Aside from the Hero Quest miniature a few years ago, when I first started painting, these are the first Dwarfs I have done.  I’m quite pleased with them, particularly the beards on a couple of the Ironbreakers.

The Bugman’s Cart came out of my bits box incomplete.  I used a couple of bits of sprue to remake the yoke, ordered some wheels from Ramshackle Miniatures, and used a random pack horse from the leadpile – if you know where the horse comes from, do let me know!  I am happy with the conversion work, though I think I could have done better.  I’ve painted the carter to look like he’s wearing denim dungarees and site boots, though I’m unsure how obvious this is.  To paint the horse I followed some instruction from WD 197 (I think), which mostly looks ok but I think I need some more practise.
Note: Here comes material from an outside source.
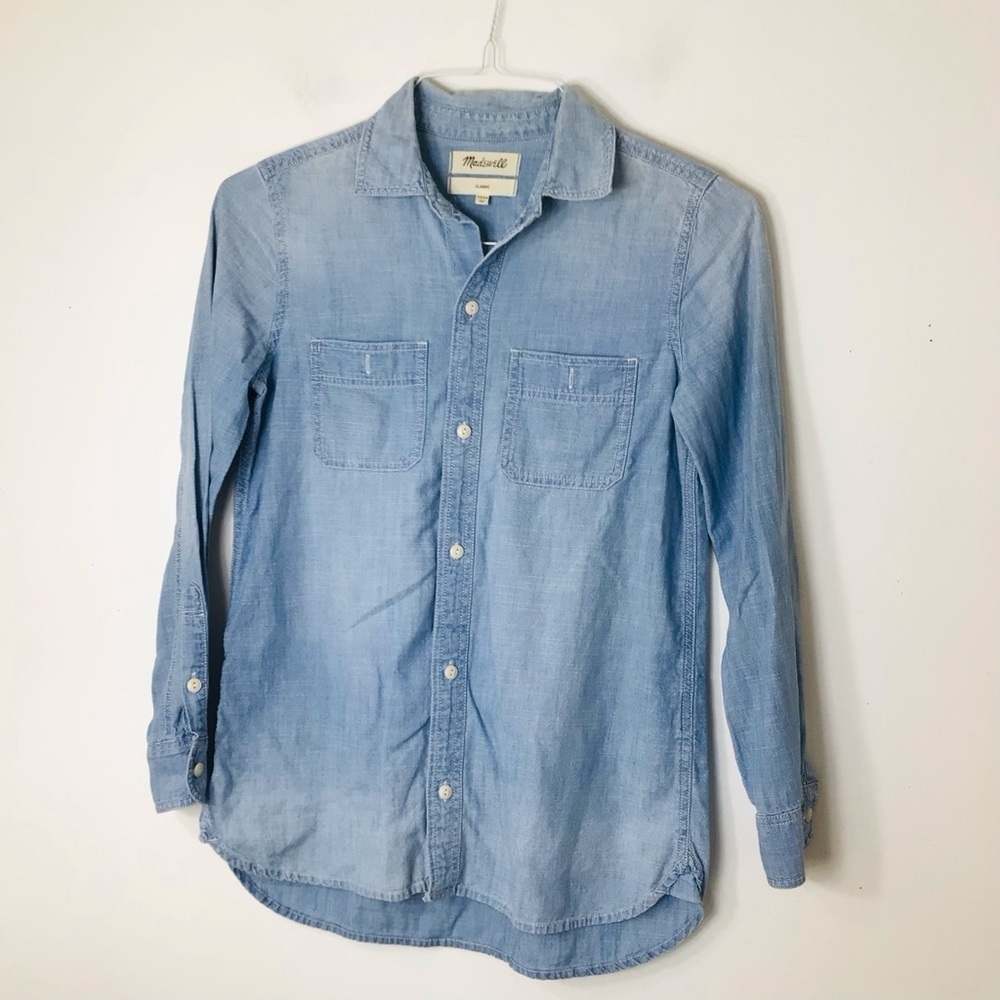 MADEWELL button up top xxs blue cotton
The guards are from a variety of ranges and represent all the dwarfs I could find in the leadpile.  There’s a plastic dwarf, which I thought came from the PBS3 Warhammer Regiments Box, but checking now shows that I’m wrong about that.  Can you recognise the plastic dwarf with axe and shield?  Three dwarves are mid-90s Ironbreakers.  Two are 00s LOTR dwarfs – one was missing his hands, the other had lost both arms along the ways.  The dwarf missing his hands was easy enough to repair, but the dwarf sans arms was a bit trickier.  I have plenty of dwarf arms knocking about, but only in heroic scale.  I hope that the banner helps to disguise this a bit!  If anyone asks, its because he skips leg day.  Finally there is a 90s Trollslayer and a Hasslefree dwarf.  Both are lovely models that I really enjoyed painting, but it is with the Hasslefree dwarf that that the scale difference really shows between Kev White’s realism and the Citadel heroic.

All in all, this project took a long time, and I’m pleased with it.  Some bits could have been done better, but I learnt a few new idea and techniques and hopefully the next lot will be better.  I hope you like this unit!